On May 4th, we penned: “It Never Hurts To Ring The Cash Register:” we suggested taking profits and reducing risk in portfolios after a stellar run from the beginning of the year. We made specific recommendations to our RIA PRO Subscribers (Try Free For 30-Days) at the time:
“A common theme through today’s report is ‘Profit Taking.’ Over the last couple of weeks, we have continued to discuss taking profits and rebalancing risks. Yesterday we sold 10% of our many of holdings prior to earnings to capture some profits. We also added to some of our Healthcare holdings, which have been under undue pressure and represent value in a market that has little value currently.”
We also said:
“From a portfolio management standpoint, the reality is that markets are very extended currently and a decline over the next couple of months is highly likely. While it is quite likely the year will end on a positive, particularly after last year’s loss, taking some profits now, rebalancing risks, and using the coming correction to add exposure as needed will yield a better result than chasing markets now. Given that every given year has some corrective action in it, betting this year will be different is a low probability event.”
What we didn’t know at the time is that the May sell off would start the next week.
Then, June 1st, we wrote “Selloff Overdone, Looking For A Sellable Rally:” To wit:
“In the very short-term the markets are oversold on many different measures. This is an ideal setup for a reflexive rally back to overhead resistance.”
Again, for our RIA PRO subcribers, we recommended taking on index positions to participate.
- The “buy” signal in the lower panel was massively extended, as noted several weeks ago, which as we stated, suggested the reversal we have seen was coming.
- The correction last week has set up a tradeable opportunity into June.
- Short-Term Positioning: Bullish
- Last Week: Add 1/2 position with a target of $290.
- This Week: Hold position (full weighting)

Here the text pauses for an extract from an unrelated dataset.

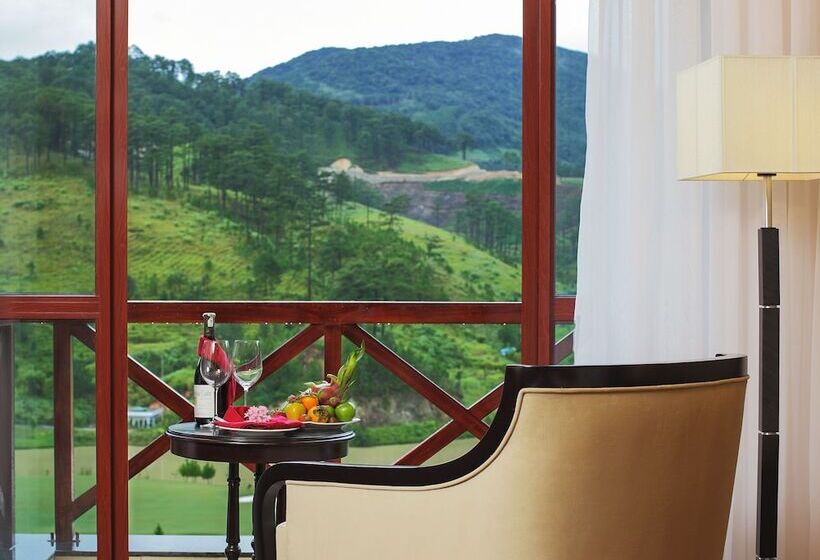ゴルフ場ビューデラックスルーム, Swiss Belresort Tuyen Lam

- Stop-loss remains at $275
The rally we have been discussing since the beginning of June has been a good trade and increased the value of our portfolios.
However, for most investors, it has simply been a recovery back to the same level almost 2- months ago.
This is why managing risk is important.
Okay, now that you are up to date, let’s talk about what the Fed said, didn’t say, and what it means from here.
What The Fed Said, & Didn’t Say
On Wednesday, the Federal Reserve completed their two-day FOMC meeting (Federal Open Market Committee) and provided their prepared statement afterward.
It is worth noting it is the SAME statement following each meeting with only slight wording changes each time. The text below shows those red lined changes in the release from the last two meetings. I am only excerpting the more important points for today’s discussion.
“Information received since the Federal Open Market Committee met in Ma
rchindicates that the labor market remains strong and that economic activity rose at a solidrate. Job gains have been solid, on average, in recent months, and the unemployment rate has remained low. Growth of household spending and business fixed investment slowed in the first quartera.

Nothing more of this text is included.